Monday, March 5, 2018

The Spy Who Slo Motion'd Me

Hypnosis may be the only way to reveal why I had 2000's Doomsdayer at the top of my Netflix queue, as I have absolutely no memory of hearing about it. Having been a Netflix DVD subscriber for 9 years or so (and yes, I remember my very first disc and it was Punisher: War Zone and really nothing has ever lived up to that moment), my list now runs a good 300+ films that aren't (yet) available via streaming. As a result of that plus beer, I simply can't be held accountable for my viewing choices at this point in life.

Quick Plot: An elite anti-terrorist organization called Protocol 23 is charged with constantly saving the world from power-hungry billionaires with spectacularly dressed henchmen. In this case, said billionaire is played by Udo Kier, and said henchman wears a spectacular red suit with a perfect bowtie.

Kier plays Max Gast, and if that's not enough for you, his wife Elizabeth is played by none other than Amazon action goddess Brigitte Nielsen. Oh, and when we first meet Max, he's smoothly poisoning his snooty investors in one of those movie-perfect corporate board meetings for daring to block his attempts at nuking the world.

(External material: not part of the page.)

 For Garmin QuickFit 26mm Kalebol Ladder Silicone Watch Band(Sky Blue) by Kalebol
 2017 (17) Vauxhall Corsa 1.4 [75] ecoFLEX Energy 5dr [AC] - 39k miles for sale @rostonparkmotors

Who can stop this blue-eyed tyrant? That'd be Logan, Jack Logan, a slick P23 agent not opposed to shagging his points of contact. In case you haven't guessed it by now, Doomsdayer is a sort of Asylum Studio adaptation of James Bond, only with more slow motion, less name actors, and a glaring lack of a theme song.

Let's get to the first point first: by my estimation, the original cut of Doomsdayer probably ran a brisk 37 minutes. Director Michael J. Sarna comes from a stunt background, and I'm guessing his respect for the craft led him to stretch every crash, fight, or reaction shot to its max, thus padding out the running time.

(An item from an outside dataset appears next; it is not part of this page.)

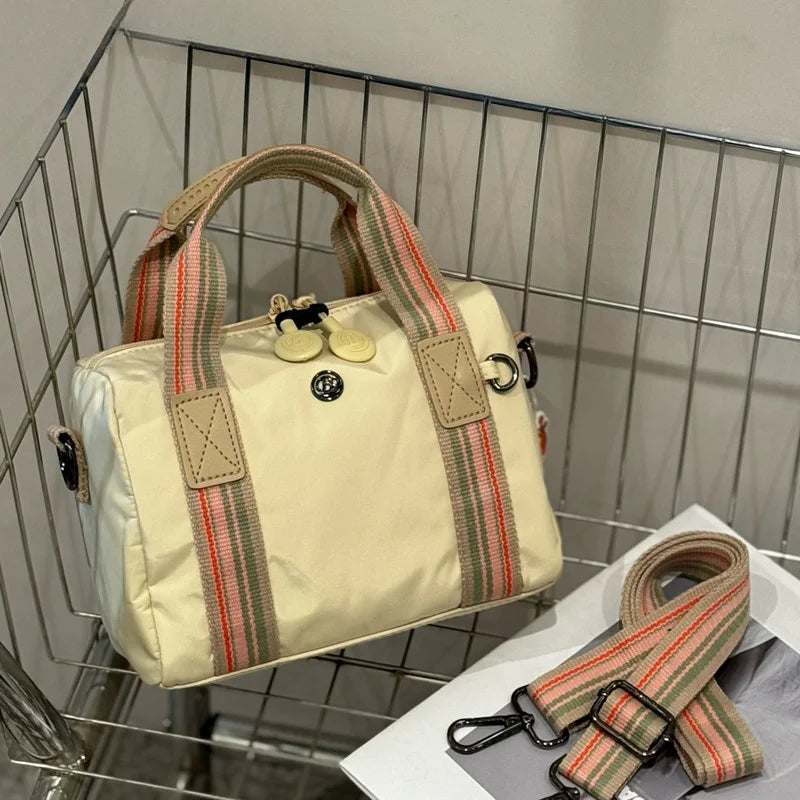 Women's Fashion Crossbody Bag, Nylon Material Small Handbag Fabric Bag, Large Capacity Messenger Bag.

If one were to make a drinking game of how much slow motion was used in this film, one would be dead.

There are more shots of slow motion in Doomsdayer than there are white men in Congress.

There are more shots of slow motion in Doomsdayer than there are steroids in Russian locker rooms.

There are more shots of slow motion in Doomsdayer than there are chains in Chain Letter.

It is that kind of movie, and I am not complaining.

Our Q-esque character is introduced walking away from an explosion set off behind him without reacting (in slow motion, of course), because you know, that's how things work here. Max regularly has his minions tortured (aka "reassigned") but also displays genuine remorse for the millions of civilians he'll be nuking in the name of a new world. Even better, he truly loves Elizabeth and cares for his right hand man. It adds a nice layer of depth amid half-priced double entendres and martini jokes.

All of it...yes all of it, in complete slow motion.

High Points
Udo Kier is and has always been a gift to terrible movies, and that fact is no different here

Low Points
How great would a terrible attempt at a Bond-esque theme song been?

Lessons Learned
Never reveal how happy and content you are with your life and marriage out loud, unless being kidnapped and forced to build a doomsday device was on your list of things to do

Doomsdayer came to via Netflix's DVD queue, so it's probably not the easiest to track down. While I wouldn't recommend anyone other than slow motion fetishists invest much work into finding it, I certainly had a good time in a ridiculous, extremely slow motion way.